The Lucia de Berk case was a miscarriage of justice in the Netherlands in which a Dutch licensed paediatric nurse was wrongfully convicted of murder. In 2003, Lucia de Berk (22 September 1961 – 28 August 2025) was sentenced to life imprisonment, for which no parole is possible under Dutch law, for four murders and three attempted murders of patients under her care. In 2004, after an appeal, she was convicted of seven murders and three attempted murders.

Her conviction was controversial in the media and among scientists, and it was questioned by the investigative reporter Peter R. de Vries. Most prominently, the prosecution's case rested on statistical misrepresentation. In October 2008, the case was reopened by the Dutch Supreme Court, as new facts had been uncovered that undermined the previous verdicts. De Berk was freed, and her case retried; she was exonerated in April 2010.

She died on 28 August 2025, aged 63, following a short illness.

==Suspicions and investigation==
Colleagues started to notice that patients often died under De Berk's watch. Suspicions were raised when a five-month-old baby turned blue and died unexpectedly, only an hour after doctors had said that her condition was improving. Other colleagues requested an investigation. A post-mortem on the child indicated foul play.

Police investigators looked into all the deaths that had occurred between 1997 and 2001 while De Berk was working at three hospitals in The Hague: the Juliana Children's Hospital, the Red Cross Hospital, and the Leyenburg Hospital. In a few cases, evidence of poisoning through tranquilizer overdose was found, although in most cases no firm explanations could be found for the deaths.

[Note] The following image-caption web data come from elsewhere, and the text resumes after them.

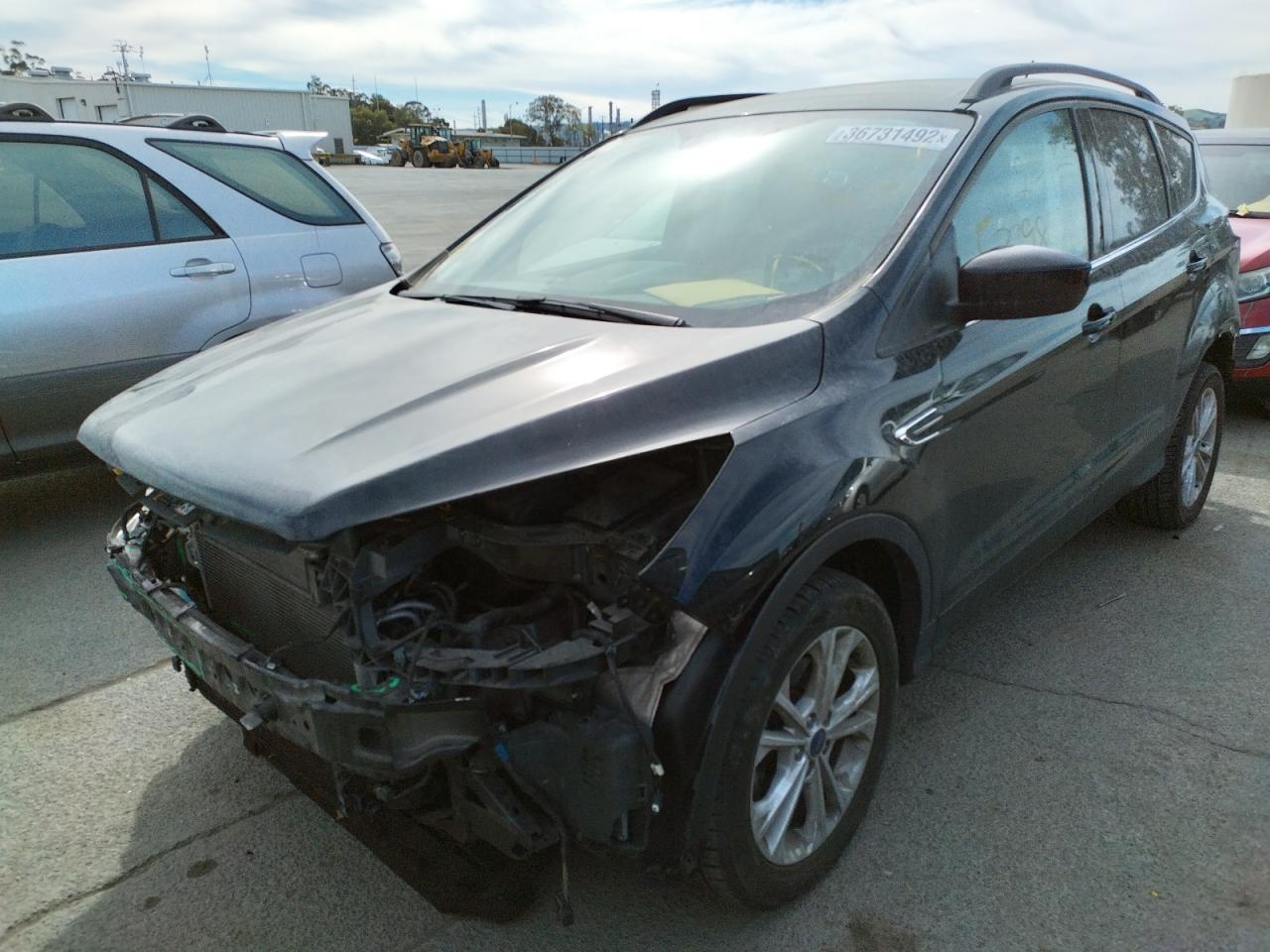 Photo 2 from auction – 2018 FORD ESCAPE SEL with VIN 1FMCU0HD6JUA62615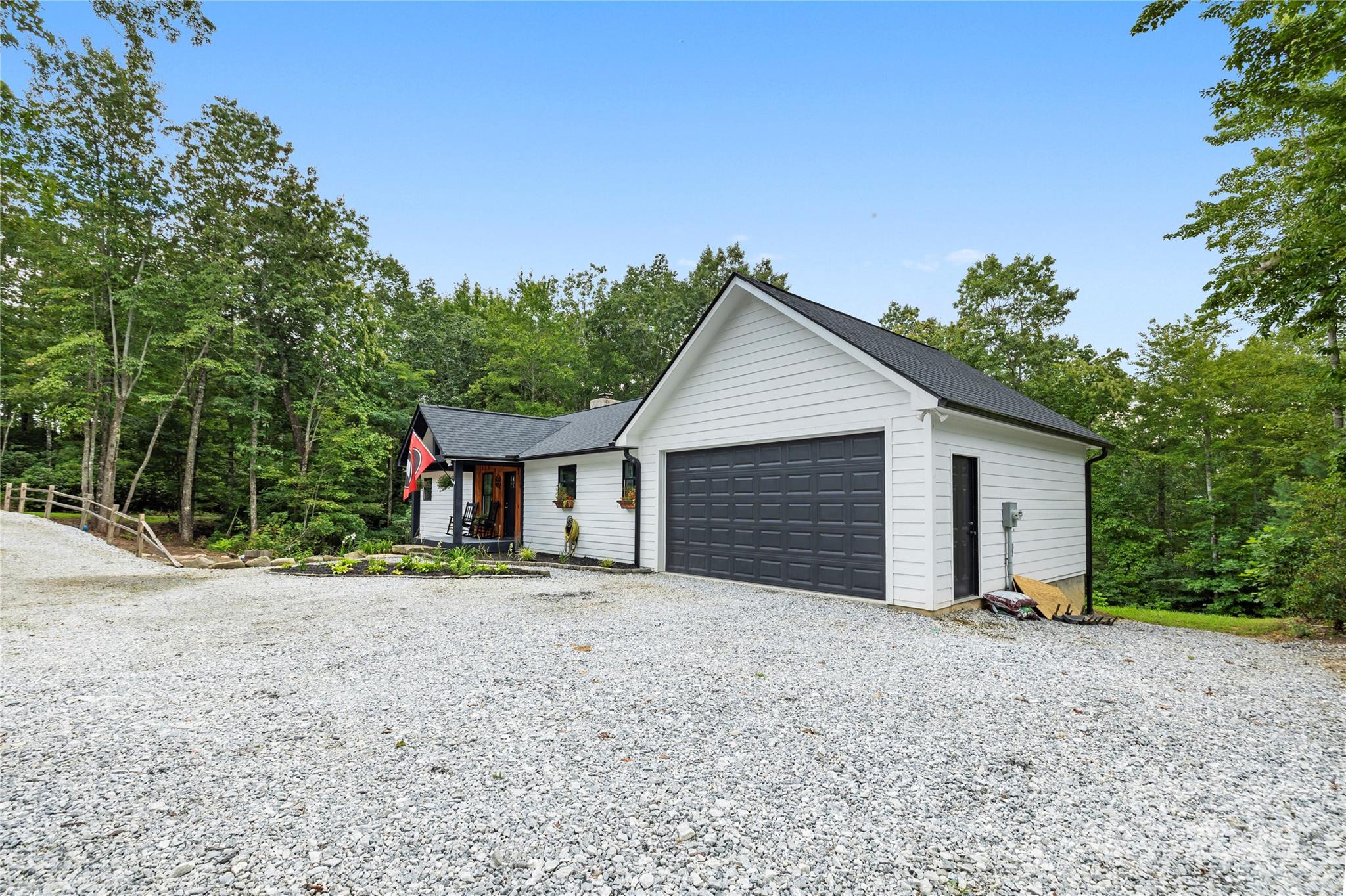 185 Ben Nevis Road Brevard, NC 28712 - Photo 2 of 42 a front view of a house with a yard and garage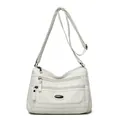 Large white washed leather crossbody bag with multiple zippers and adjustable strap - White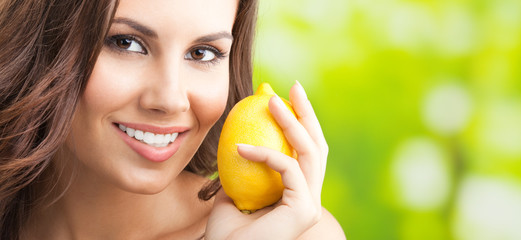 Young happy smiling woman with limon, outdoors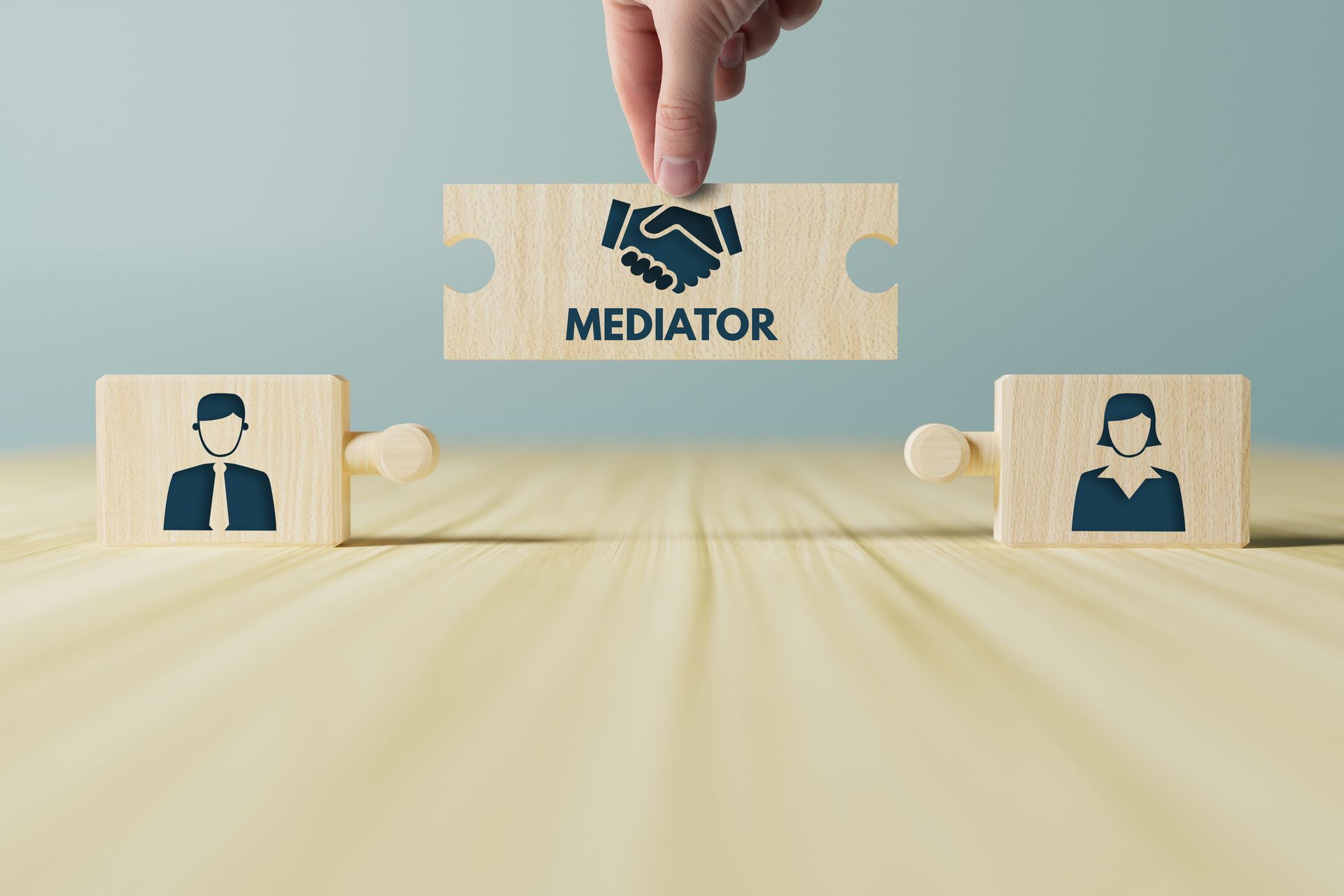 a person is holding a wooden puzzle piece with a handshake between two people .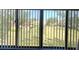 A picturesque view of the complex grounds through large windows with vertical blinds at 4920 Locust Ne St # 203, St Petersburg, FL 33703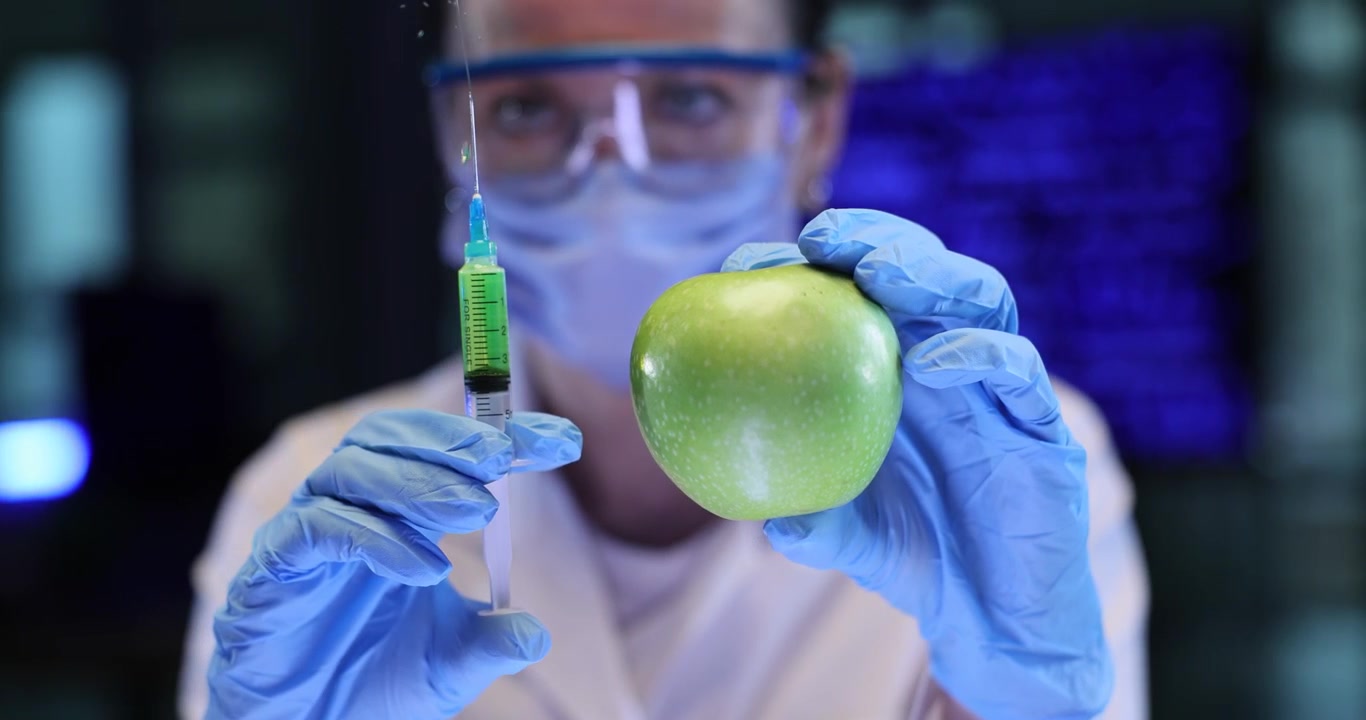 Scienziata espelle aria da una siringa vicino a una mela in laboratorio.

Lucia de Berk was charged with killing thirteen patients and attempting to kill five others by injecting them with tranquilizers, painkillers and potassium. The alleged victims included four babies, several toddlers and some elderly persons.

==Trial==
De Berk's trial began in September 2002. Amongst the other evidence used against her were diary entries that the prosecution asserted showed that she was "obsessed by death". It was revealed that she had tried to burn these diaries to destroy them at the start of the investigation. A toxicologist, an FBI profiler and a statistician were also called by the prosecution as evidence. Another key piece of the evidence was traces of poisonous toxins found in the blood of three children she had been alleged to have killed, who had been exhumed as part of the investigation. Tests on the body of the five-month-old baby whose death had led to the initial suspicions of De Berk indicated that the baby had been poisoned. It was also noted that police had found books about crimes and murders in her home, such as Bad Blood: the Thanatos Syndrome Serial Murderer and Corpus Delicti: the 30 Most Notorious Crimes of the Low Countries. The prosecution also highlighted the fact that she had forged a Canadian diploma in order to qualify for medical training, and De Berk also faced further charges for this falsification of records and the book thefts. De Berk admitted during the trial that she had lied about her nursing credentials and had stolen the books as well as medicine and patient files.

The prosecution argued that she had killed or attempted to kill patients by unnecessarily increasing dosages of medicines, or giving large doses of drugs that are difficult to detect. One of the trial judges noted that the cases in question seemed to follow a particular pattern, saying: "Lucia says she believes she sees a problem and starts to alert colleagues and soon enough a crisis occurs, did you perhaps raise the alarm first so that you could then introduce death?".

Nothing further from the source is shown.